▸ Scraped caption text data
= = = = =

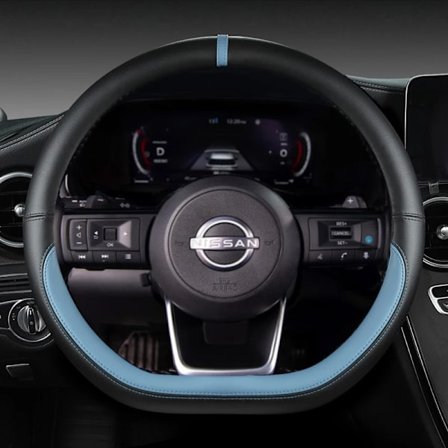 D-formad rattkåpa för kompatibel med Nissan X-Trail Qashqai March Serena Micra Kicks 2017-2023 Altima Teana 2019 Sentra 2022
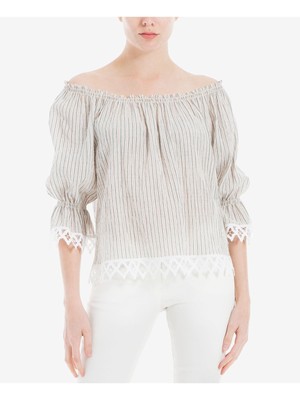 MAX STUDIO Womens Beige Striped 3/4 Sleeve Off Shoulder Peasant Top Size: S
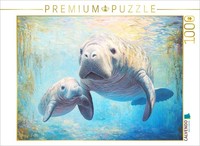 Calvendo Puzzle Manatee With Baby | 1000 Pieces, Finished Size 25.2 × 18.9 In (6
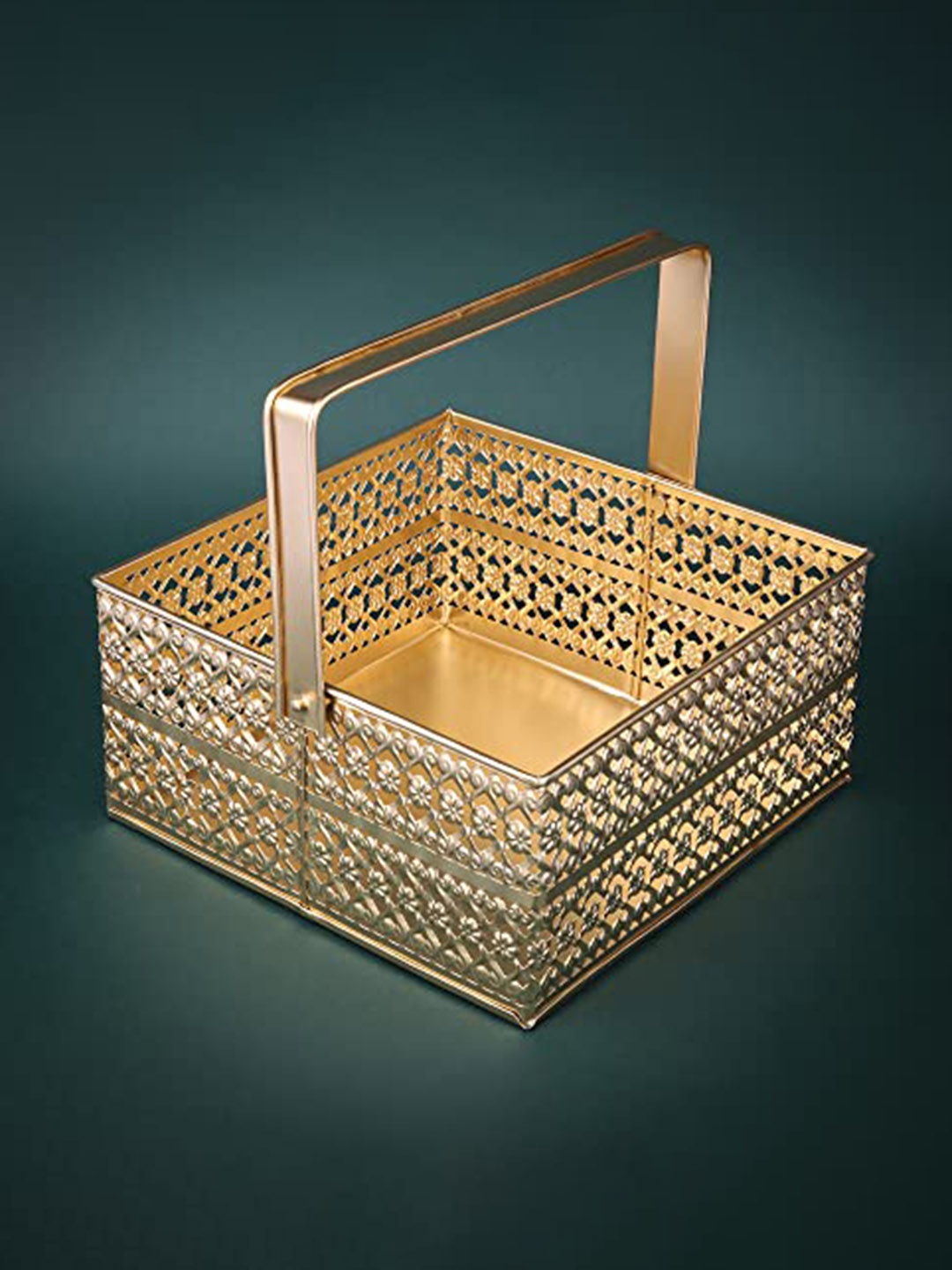 

e kysa Self Design Square Shaped Multi-Utility Basket, Gold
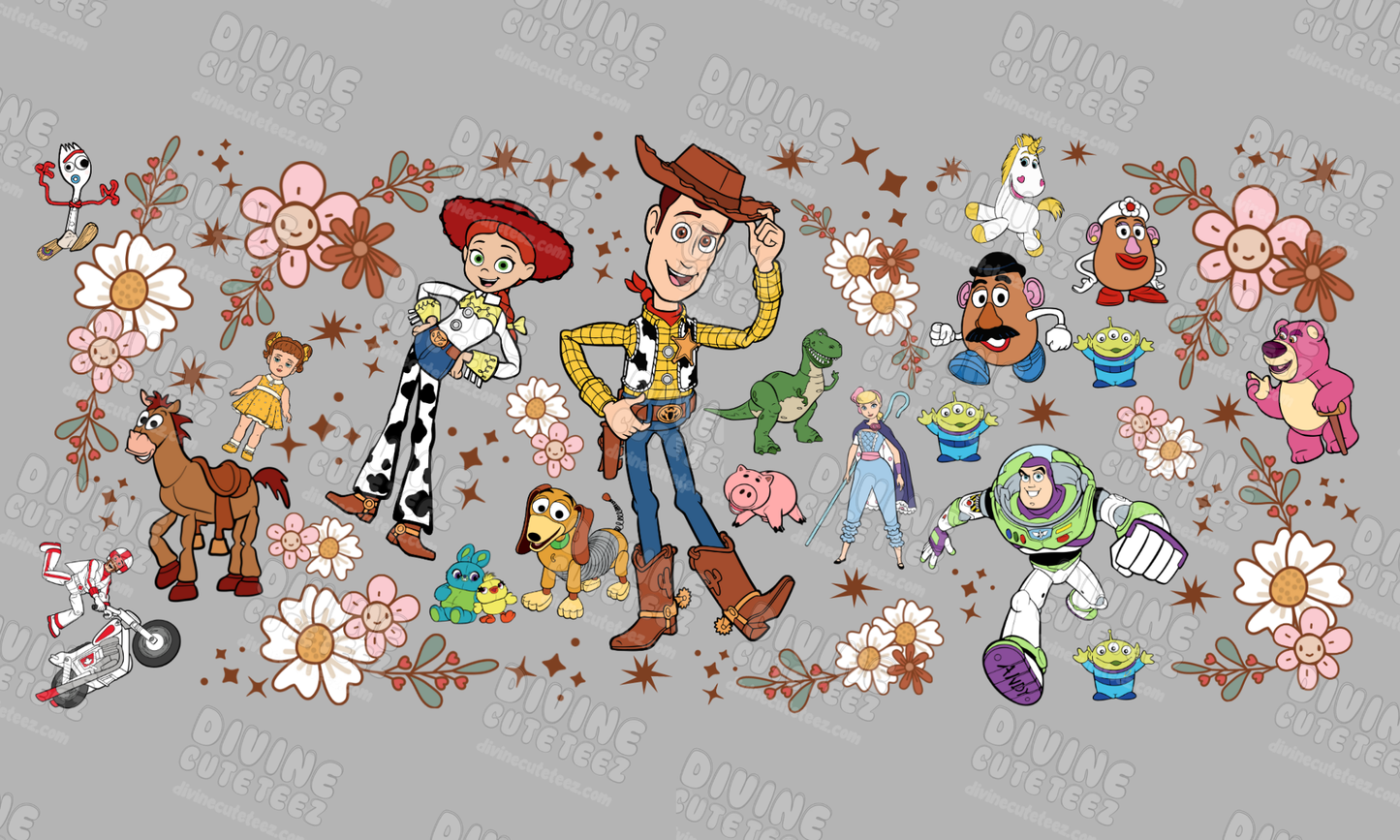 Floral Toy Story 16oz UV-DTF Transfer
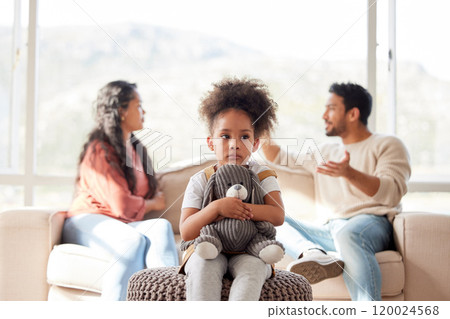 Frustrated couple, fight and disagreement with child on sofa for living room dispute or conflict at home. Scared little girl with teddy bear and parents in argument, breakup or divorce at house Frustrated couple, fight and disagreement with child on sofa for living room dispute or conflict at home. Scared little girl with teddy bear and parents in argument, breakup or divorce at house 120024568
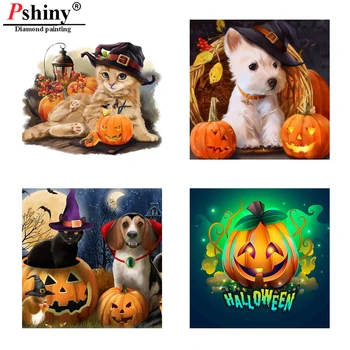 

Pshiny 5d Diamond Painting Full Round rhinestone DIY diamond Embroidery Cross Stitch Animal dog cat picture Halloween gift F518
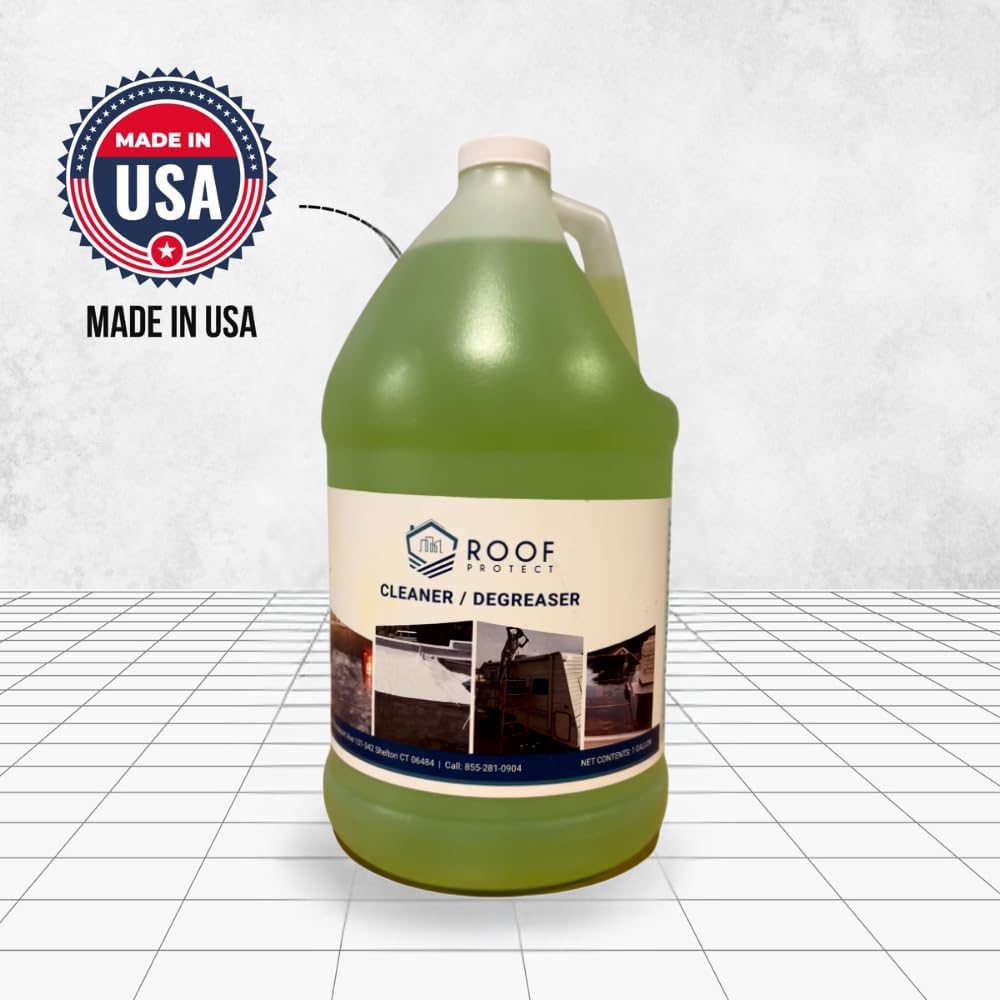 RV Roof Cleaner & Protector Non-Toxic For rv roof and home roof | 1-Gal Eco-Friendly Detergent | White Non-Abrasive Formula | Safe for EPDM Rubber Roofs | Biodegradable | Citrus Scent | Easy to Use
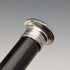 1874 British Antique Walking Stick with Black Shaft and Sterling Silver Engraved Rondelle Handle, 82cm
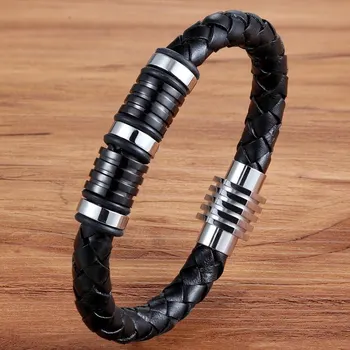 TYO Ægte Læder Armbånd Til Mænd Kvindelige Guld/Stål Runde Magnetiske Lås Slange Kæde Mode Smykker Tilbehør Rabat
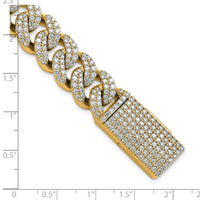 14k 11 3/8ct Lab Grown Dia VS/SI+ G+ Comp 4mm Pavé Cuban Link Bracelet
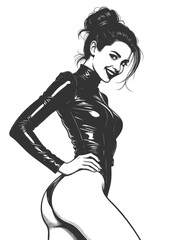 woman in tight latex outfit posing seductively with glamorous expression and curves sketch engraving generative ai fictional character vector illustration. Scratch board imitation. Black and white.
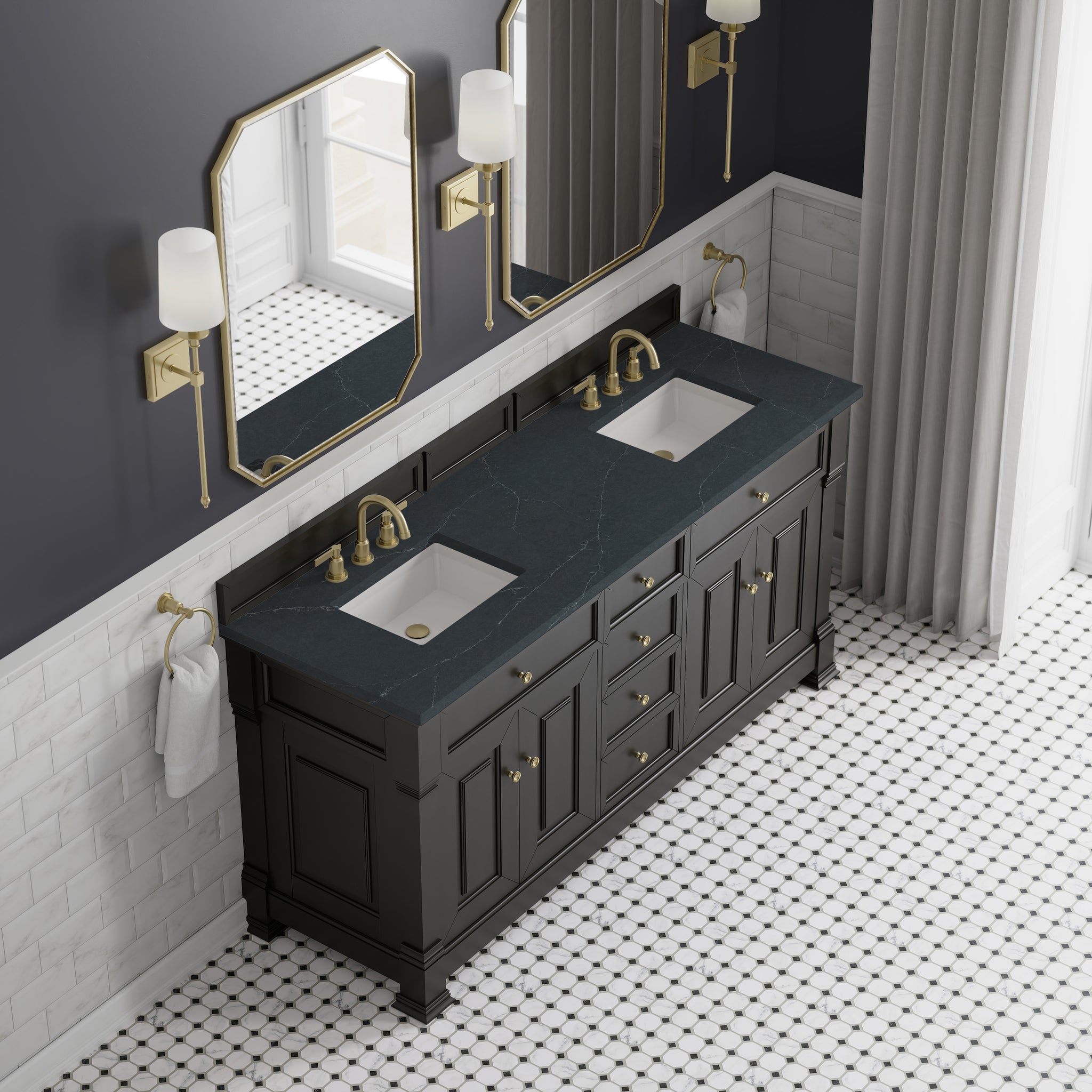 James Martin Brookfield 72" Double Bathroom Vanity, Black Onyx, view 38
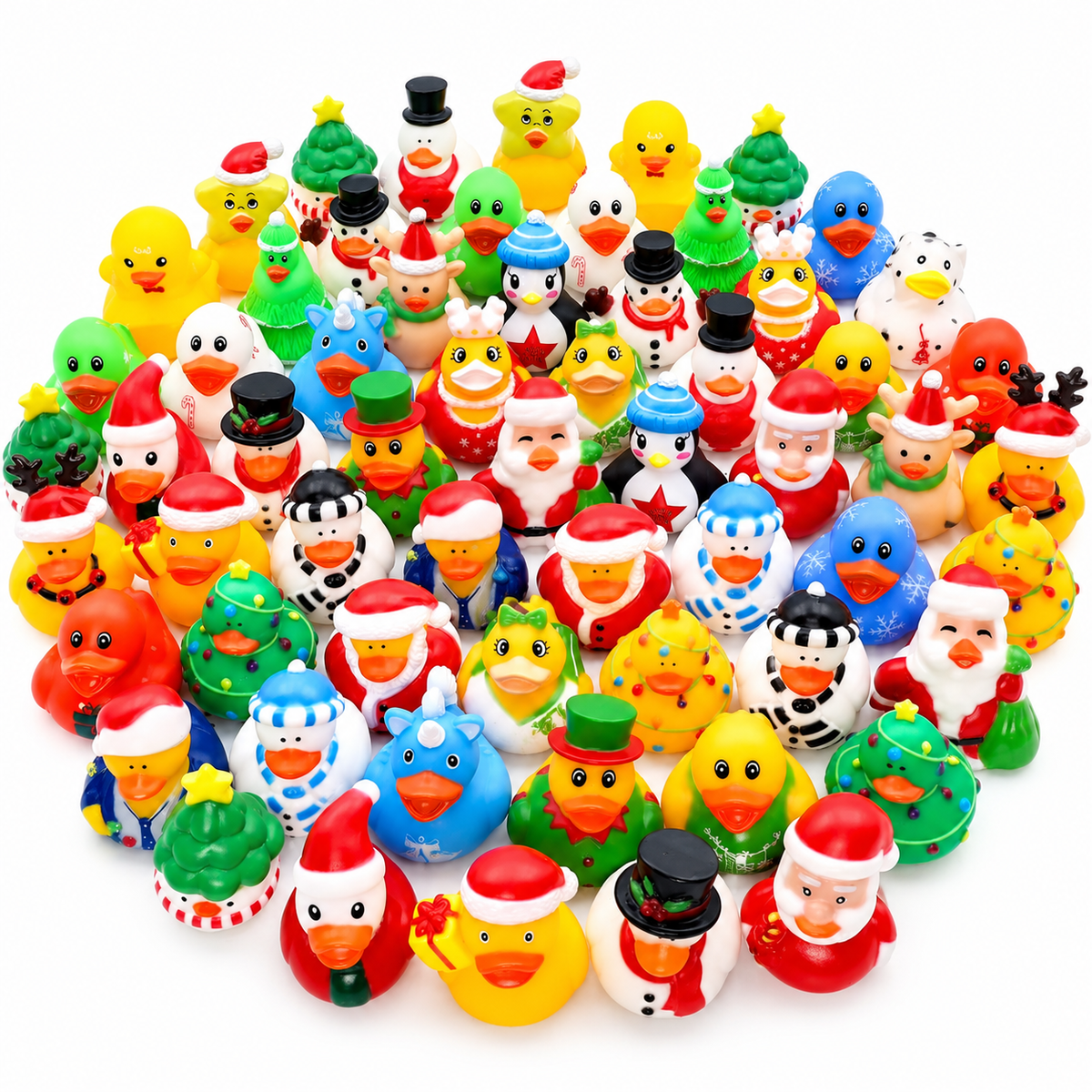 Assorted colorful Christmas rubber ducks arranged together on a white background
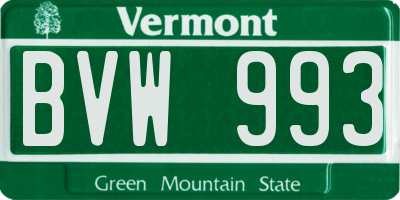 VT license plate BVW993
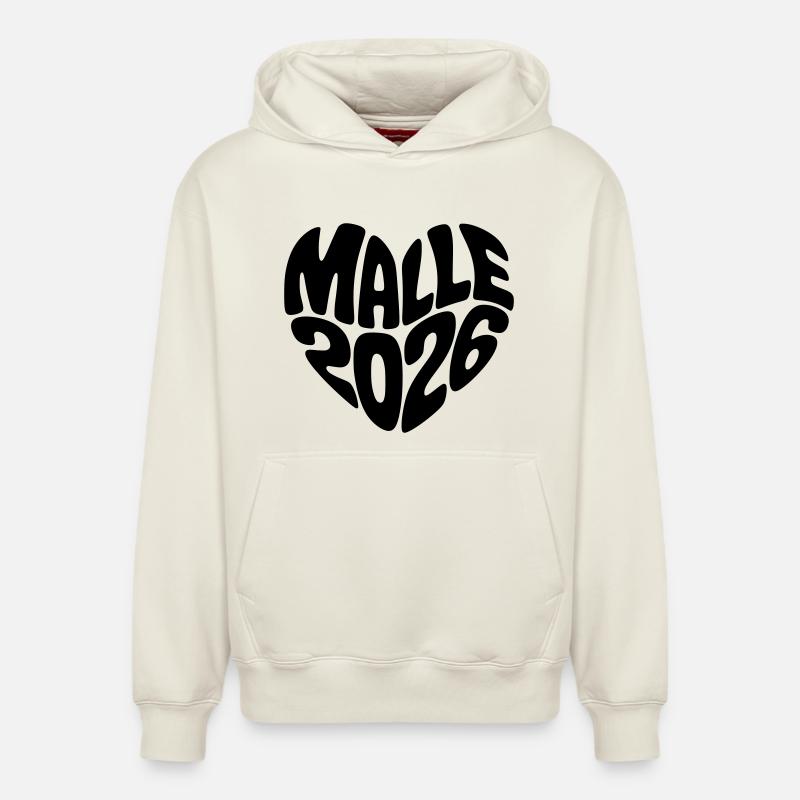 Malle 2026 - Sweat à capuche unisexe décontracté en coton biologique – de SPREAD - blanc cassé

= = = = =

▸ WHAT YOU HAVE TO DO
Repeat the lines above exactly, beginning with the one containing "e kysa Self" and finishing with the one containing "Floral Toy Story 16oz UV-DTF Transfer". No pictures belong in the copy.

▸ YOUR RESPONSE
e kysa Self Design Square Shaped Multi-Utility Basket, Gold
 Floral Toy Story 16oz UV-DTF Transfer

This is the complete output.